# Your task:
Every entry must reappear in your answer exactly as written, though its pictures must not.

+++

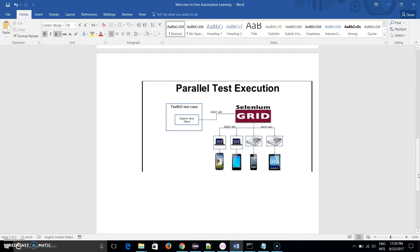At this time we also reduce our execution time. So this is the reason why we are using Appium Grid or Selenium Grid. This is all the theoretical part, and in this video I just wanted to explain the basic concept of Appium Grid.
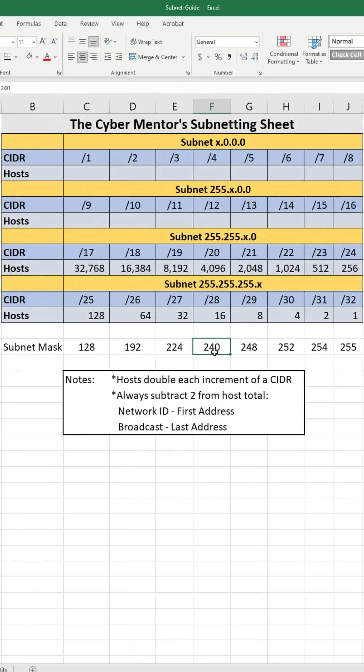You can write this out by hand. I recommend trying it a few times, getting it down, understanding it, and then doing some practice subnetting online. Thank you for watching — to see more videos like this, please check out my YouTube channel at youtube.com/thecybermentor. Thank you.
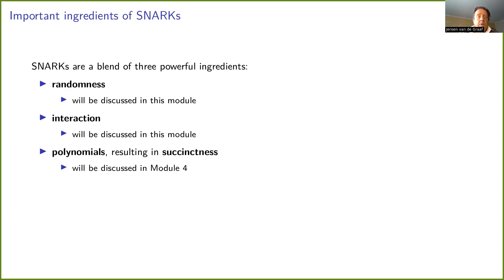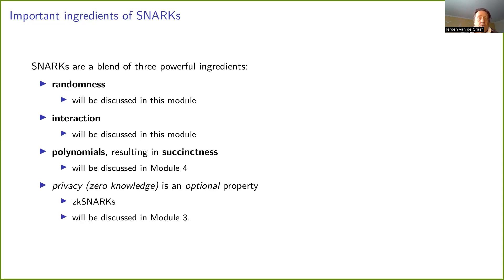Polynomials, which relate to succinctness, will be discussed in module 4 — that is a separate topic. We will also talk about privacy, but privacy should be understood as an optional property. So we have SNARKs and we have ZK-SNARKs. Zero knowledge will be discussed completely in module 3.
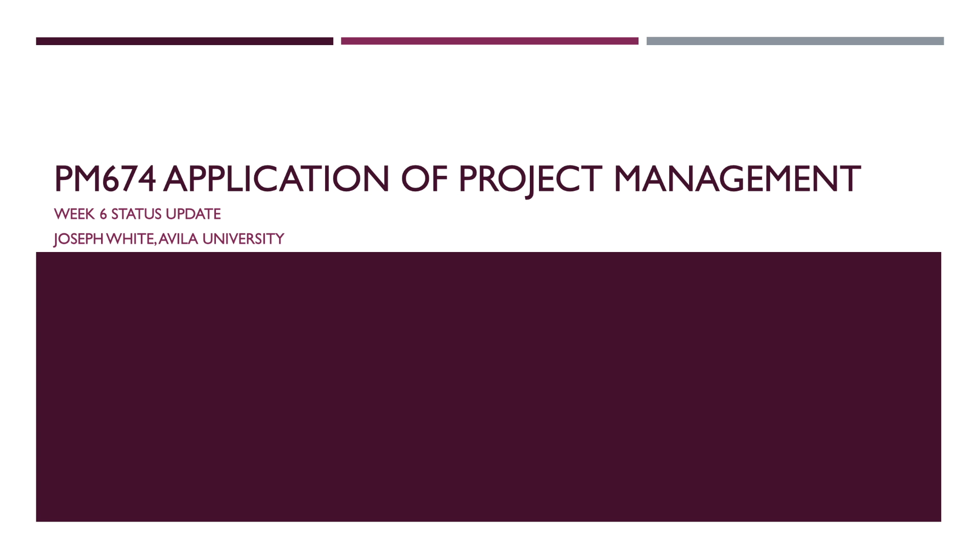Hello, this is Joseph White coming at you again with another video of PM 674 application of project management for week six, the status update.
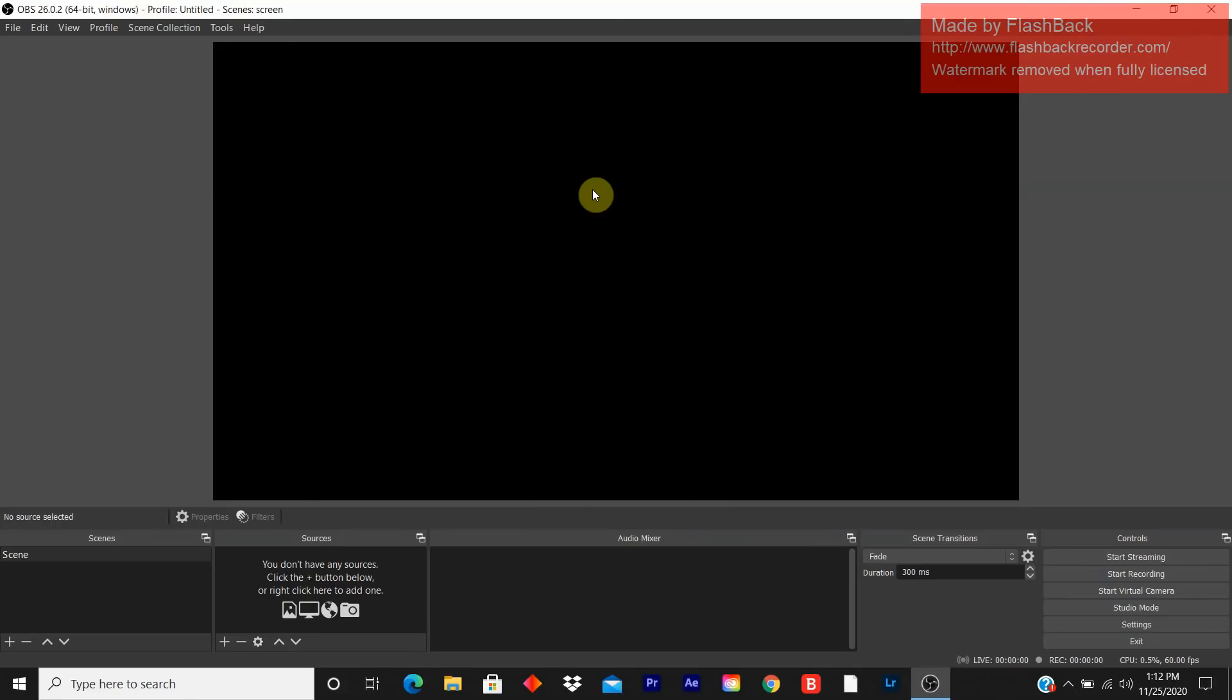Today's lesson is how to use OBS Studio, how to screen record using it. OBS Studio is not like other screen recorder softwares. It's a little bit different. You have to add sources to create a screen recording.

+++

# Response to the exercise:
At this time we also reduce our execution time. So this is the reason why we are using Appium Grid or Selenium Grid. This is all the theoretical part, and in this video I just wanted to explain the basic concept of Appium Grid.
You can write this out by hand. I recommend trying it a few times, getting it down, understanding it, and then doing some practice subnetting online. Thank you for watching — to see more videos like this, please check out my YouTube channel at youtube.com/thecybermentor. Thank you.
Polynomials, which relate to succinctness, will be discussed in module 4 — that is a separate topic. We will also talk about privacy, but privacy should be understood as an optional property. So we have SNARKs and we have ZK-SNARKs. Zero knowledge will be discussed completely in module 3.
Hello, this is Joseph White coming at you again with another video of PM 674 application of project management for week six, the status update.
Today's lesson is how to use OBS Studio, how to screen record using it. OBS Studio is not like other screen recorder softwares. It's a little bit different. You have to add sources to create a screen recording.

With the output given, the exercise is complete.